Trump began well enough, with measured temperament, hitting a number of the themes that won him the nomination. He landed good punches on several things — Clinton has experience but it’s bad experience, her opposition to the Trans-Pacific Partnership trade deal came only after his, and especially how she and Barack Obama created the vacuum that allowed for the rise of the Islamic State.

Unfortunately, Trump was also his usual pinball self, giving wandering, sometimes downright incoherent answers. That meant he failed to land a couple of key blows against Clinton. For example, even though he slammed her email as “not a mistake,” he didn’t get to the core issue of her illegal and obfuscating behavior, or the systemic corruption that allowed her to get away with it. And though it was a brilliant stroke to demand Clinton release her 33,000 deleted emails in exchange for his tax returns, he also babbled on and on about being “extremely underleveraged” and so forth, sounding like an out-of-touch rich guy. Why not attack the Clinton Foundation instead? Worse, when Clinton accused him of not paying federal income taxes, he said, “That makes me smart.” He practically confirmed Clinton’s charge — she couldn’t have asked for more.

In general, Trump took way too much of the bait Clinton (and moderator Lester Holt) threw his way. In too many answers, instead of digging into the issues that resonate with Americans — the disastrous Obama-Clinton record of a lackluster economy and foreign policy disasters around the world — he ended up trying to explain the “small loan” ($14 million!) from his father, or why his insults of Rosie O'Donnell were exactly what she deserved. That only served to make him look like the rich snob and misogynist bully Clinton said he is.

All that said, the “vibe” he communicated was quintessential Trump, and it has served him well. The overall takeaway is that America is headed in the wrong direction and Clinton will only continue that path. Trump, on the other hand, can fix it.

As for Clinton, she clearly prepared well. She was so proud of her own preparation, in fact, that she openly boasted about it. Hillary rattled off a State of the Union-worthy list of federal programs and leftist grab-bag items she’d implement or grow.
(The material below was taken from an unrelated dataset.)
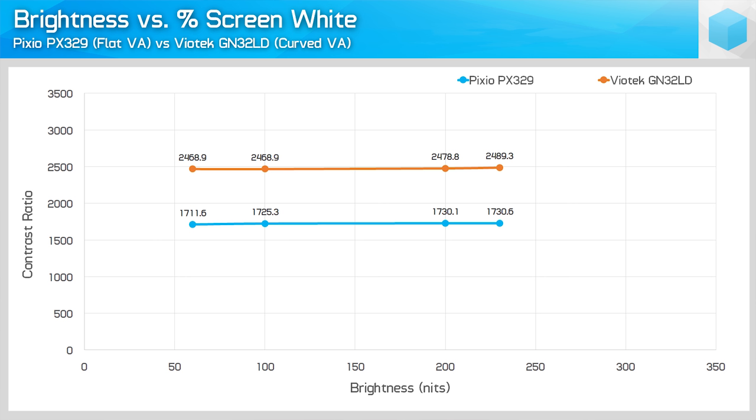I also found the contrast ratio pretty interesting. This is a VA panel with a rated 3000:1 contrast ratio; however, in my testing the actual ratio hovered between 1700 and 1750:1 — well short of what you'd expect for a VA display. This is actually the first VA display I've reviewed that fell below 2000:1, and when I asked Pixio if this was normal, they gave no indication it was a defect, so I assume it's within normal tolerances. That said, the PX329 still performs ahead of IPS and TN panels in this regard, with no noticeable backlight bleed issues or random glow.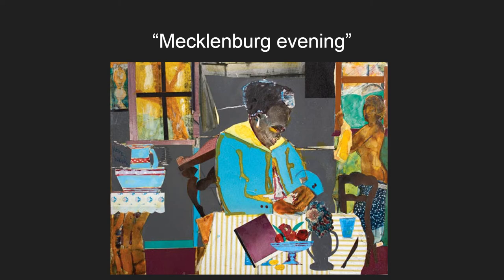McLeanburg Evening was painted in 1981 and is an homage to Bearden's childhood — this is where he grew up. It is a painting of what he remembered from his childhood home. He uses his iconic abstract painting style and uses multiple items to give the painting a real 3D environment.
She harped on inequality and how Trump wasn’t for the middle class. She sounded like she knew what she was talking about. But for those of us who actually remember the details of her career, it was nothing but lies, sprinkled with divisive race-, class- and sex-bait. Trump “has a long record of engaging in racist behavior,” she charged. She might as well have called him deplorable.

Arguably, Clinton prepared too well, because her vibe was one of robotic rehearsal. You could almost see her thinking, “This is the part where I smile and wait.” She awkwardly delivered insults (“Trumped-up trickle-down economics”) and was oddly impersonal in recounting her personal story of her father’s small business record. Hillary is a lying phony, and that came through loud and clear.

Finally, Lester Holt was both obviously and discreetly on Clinton’s side throughout the night. (What else would we expect from Leftmedia moderators?) He ran interference for Clinton several times — twice with overt “fact checks” on Donald Trump, and once by admonishing the audience after many cheered for Trump’s attack on Clinton’s email. Holt did not similarly admonish the audience for cheering for Hillary. In one confrontation on “stop and frisk” policing, Holt was visibly angry with Trump as he challenged the candidate — and Holt misrepresented the facts, to boot.

Holt’s influence was also blatantly obvious in the topics he chose (and didn’t choose). He asked Trump about Obama’s birth certificate, Trump’s questionable position on the Iraq war (but not Hillary’s), and his tax returns. Holt did not ask either candidate about ObamaCare, immigration, the Clinton Foundation, Benghazi, Clinton’s email (except to invite her to respond to Trump) or her “basket of deplorables” slander of a quarter of the American population. Holt steered clear of anything that would be inconvenient for Clinton. More than that, one of his questions essentially boiled down to this: “Secretary Clinton is historically awesome. Why don’t you think so?”

Holt clearly got the Clinton memo appealing for such help, and he heard loud and clear the message behind the Left’s eviscerating of Matt Lauer after the NBC forum.

All told, the debate was a complete disservice to the American people. A blatantly biased moderator faced off against one of two unfit candidates, neither of whom successfully made the case that they should be trusted as the leader of the free world. And we’re asked to sort it out. Welcome to 2016.